I use both TR and Zwift and I went to climb ADZ (Zwifts Alpe d’Huez) in under an hour and just about managed. It was an all out effort for me and I couldn’t have gone harder. I then looked at my power curve…

My question - surely my 60min PR is now the most accurate representation of my current FTP?

assuming you held steady power for the entire effort. For example if I went all out for ~60 minutes and the power curve for the Zwift workout looked like this:

Like Steve’s example above, on my ride’s power curve you can see power drop-off between 45 minutes and 1 hour. Using my mouse I can see it occurs at 52 minutes.

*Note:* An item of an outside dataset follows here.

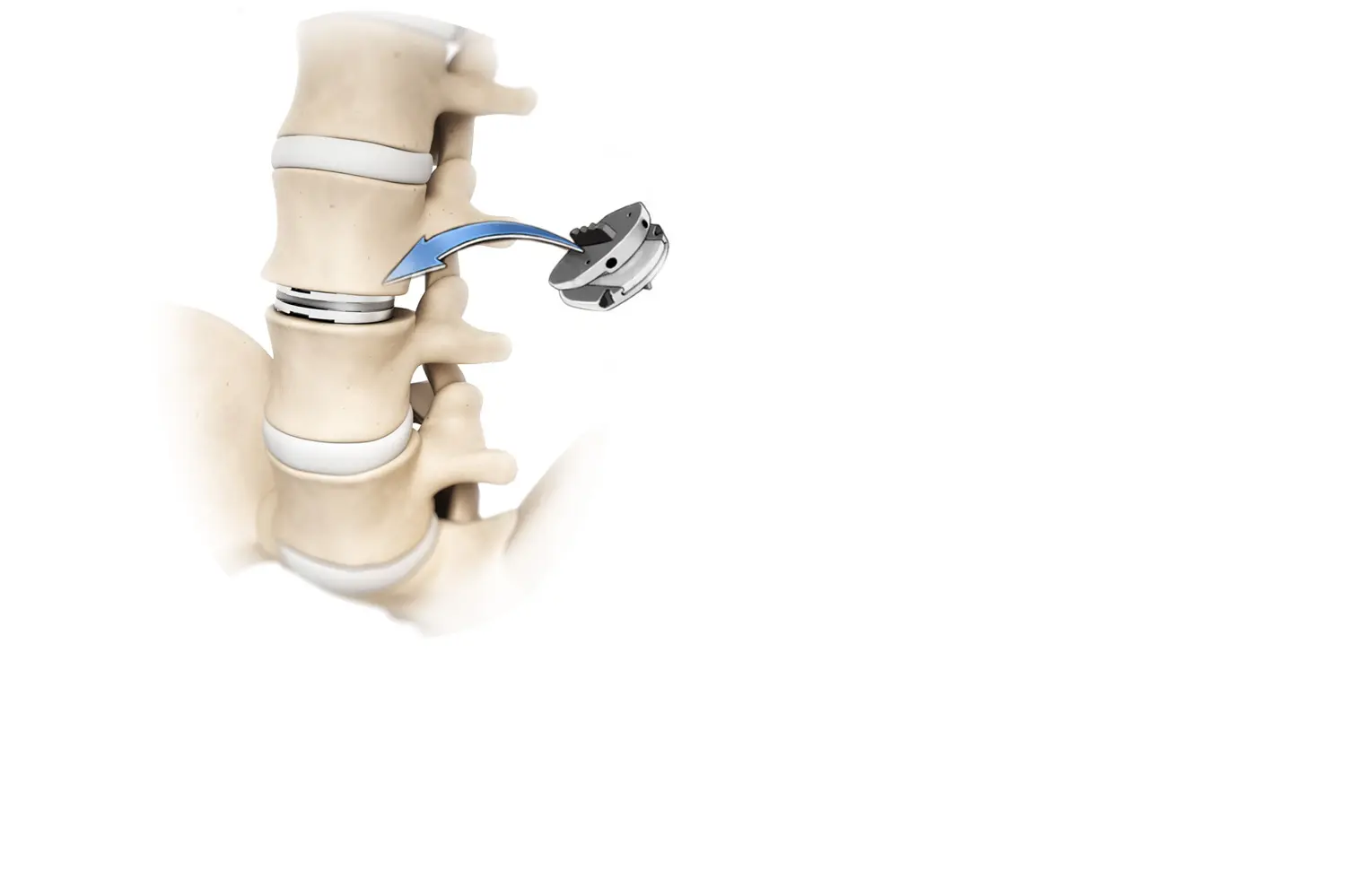 Doctor de Quintana cirugía espinal prótesis de disco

The power at 52 minutes is my FTP.

Because your all-out effort was 52minutes long?! What if you had gone all-out for the entire 60min, would your PD curve be different and show an “inflection point” at 60min?

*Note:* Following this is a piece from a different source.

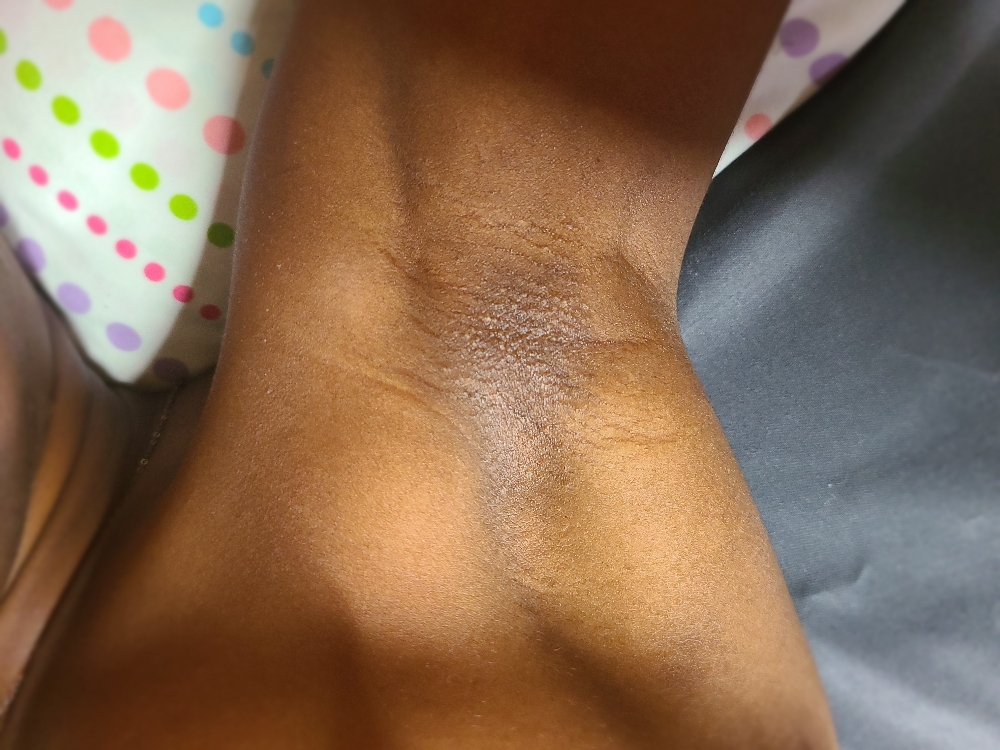 Underarm Wax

If your TTE is 60 mins, yes. If it is 52 mins, you’d still see the drop off at 52 mins because after that you’ll be dying and the power drops off.

Actually trying to go past your TTE with an FTP effort gives you the best power curve to base this on.

If you do the whole thing at too low a power, your TTE will increase a lot, which also gives you a hint where FTP is. (If you’d want to go crazy with this, you could do long steady efforts at different power levels, and plot them against TTE. There should be a pretty clear change in gradient at FTP.)

There is a danger of this thread heading down a rabbit-hole with everyone’s different views of what the definition of FTP is.

I have always felt that setting your FTP is an approximation and setting it to the nearest 10W is good enough to determine efforts in interval sessions.

To answer the original post, it would be useful to know what you had as your FTP before and how it compares to the 60 min effort. If you are talking about a 5W difference does it matter? If it is substantial, the question is how did you determine your FTP previously?

That’s precisely the thing I don’t understand. Why does power go down dramatically if you slightly exceed your “TTE (FTP)” (meaning the TTE at power equal to FTP)? If FTP has the characteristic that small changes in power around FTP correspond to big changes in TTE (above FTP you fatigue much faster, under FTP much slower) then small changes in TTE should correspond to very small changes in corresponding power. (The derivative of the function TTE(P) for P close to FTP is big so the derivative of the inverse function, whose graph is precisely the PD curve, is small.)

Haha, I’m sorry about annoying everybody again with my not-understanding FTP (or rather my real problem is “TTE at FTP”, because I think it is not a robust quantity to track). I should keep silent and just work with my old school 1h power.

On a pure math perspective, it’s understandable why you are coming from this angle, but in practice it’s not how it works, especially because the FTP inflection point inspection is best done on an aggregate power curve rather than one power file.

Nope, start with SST and see how long you can go. I’ll last way longer (perhaps double). Small ΔP, huge Δt. In other words, the derivative to the PD curve stays small even “to the right of” FTP.

I was assuming this. PD curve only makes sense when it’s filled with lots of all-out efforts in a fresh state.

Edit: To add something more constructive. It would be interesting to see the PD curve of somebody who has done a decent amount of testing at powers slightly below FTP. I’d suspect the “inflection point” would be nonexistent.

Ok, I’ll try to take a stab at this since there are few things that have been floating around.

In the context of one ride for any given maximal effort, by definition, going past the point of exhaustion should create a noticeable inflection point because you have reached exhaustion for that duration. E.G. a true maximal 5 minute effort should leave you totally empty and you aren’t going to keep riding to minute 6/7/8 at a slightly lower power. (hence why my graph posted above has a noticeable inflection point at 5 minutes since I specifically test that duration and don’t also test 4:45, 5:15, 5:30 etc)

The generated PD Curve across multiple rides specifically that WKO uses is a way of taking all of those maximal data points and curve fitting them to a known phenotype and extracting a set of parameters. The PD Curve FTP inflection point is partially a function of the scale of the lower axis, which is not linear (I don’t exactly know the timescale factor off hand)

So TLDR the inflection point is a useful artifact of the model and scaling that has evolved over time. I can’t explain to you the exact math reason since that’s not my strong suit and honestly Coggan made a lot of these types of decisions a long time ago and influenced others who then implemented power curve type products for their own products.

Ok, we are on the same page. The inflection point is just a modelling artifact (*). This was my understanding so far (I’ve read a couple of papers that describe PD curve models similar to the one used in WKO, e.g. Puchowicz et al.). Given this I found it funny people were trying to interpret something physiological from this inflection point.

Edit: (*) in combination with a lack of data points for durations corresponding to powers under (suspected) FTP.

Isn’t it just a log scale? Usually they tale it off with something that is basically linear in log t.